Mining is the industry that drives the economy in the Snow Lake area … it has for over 100 years. All of the mines the industry is based on have been in the ground since the Earth was formed; however, it was only when technology allowed mine finders the ability to locate orebodies that they were able to exploit them. As technology continually advances, many of those occurrences mined or explored in decades past are now getting a second look.
This was the case with the Lalor Mine (Chisel Lake Basin) and the Snow Lake Mine (New Britannia and Nor-Acme), but it is also playing a part in the resurrection of exploration on several lithium properties on the east side of Wekusko Lake (Thompson Brother Cluster and the Sherritt Gordon Cluster), as well as the mine that originally brought pioneers to the area early in the 20th century – Herb Lake’s Rex/Laguna.
Back in the 1930s and ’40s, Herb Lake, Manitoba was a prosperous mining town. It hummed with activity and even though it couldn’t be accessed by anything other than boat and a winter road, it was home to between 600 and 700 people.
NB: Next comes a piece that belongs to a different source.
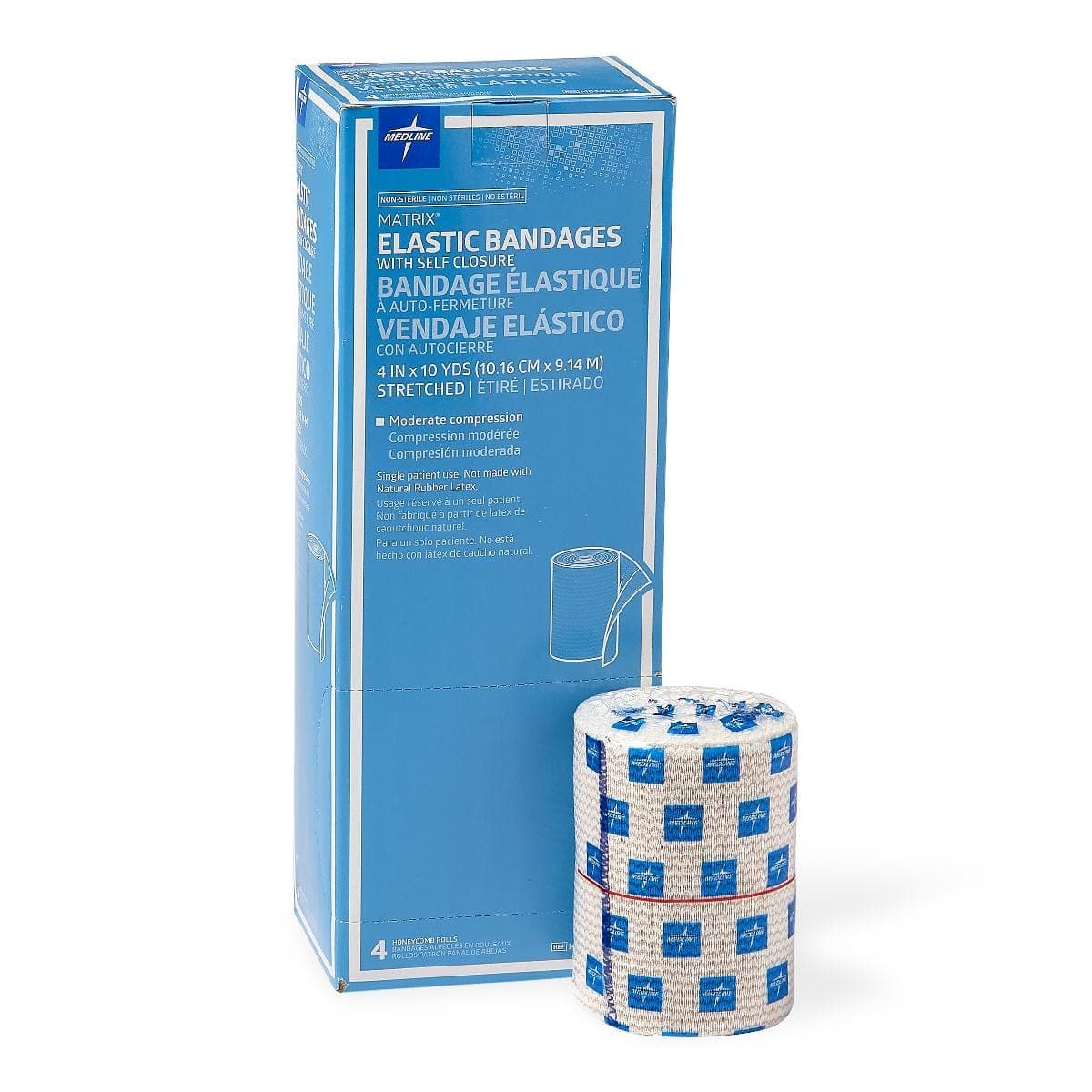 Medline 4"X10YD / Case of 20 Medline Nonsterile Matrix Elastic Bandages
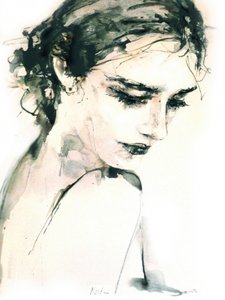 Pensive Woman Portrait by Hein Kocken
Its tree-lined streets boasted three or four stores, a dairy, a butcher shop, a restaurant, a barber shop, post office, hotel and beer parlour, a blacksmith shop, a school and churches.
However, with the end of the Second World War and despite the prosperity and technological change that it fostered, the town’s Rex/Laguna mine wavered and waned before crashing completely. The town came to its own demise in the late 1950s. Her streets are mostly rabbit runs now and her carefully tended gardens are a tangle of caragana and poplar trees.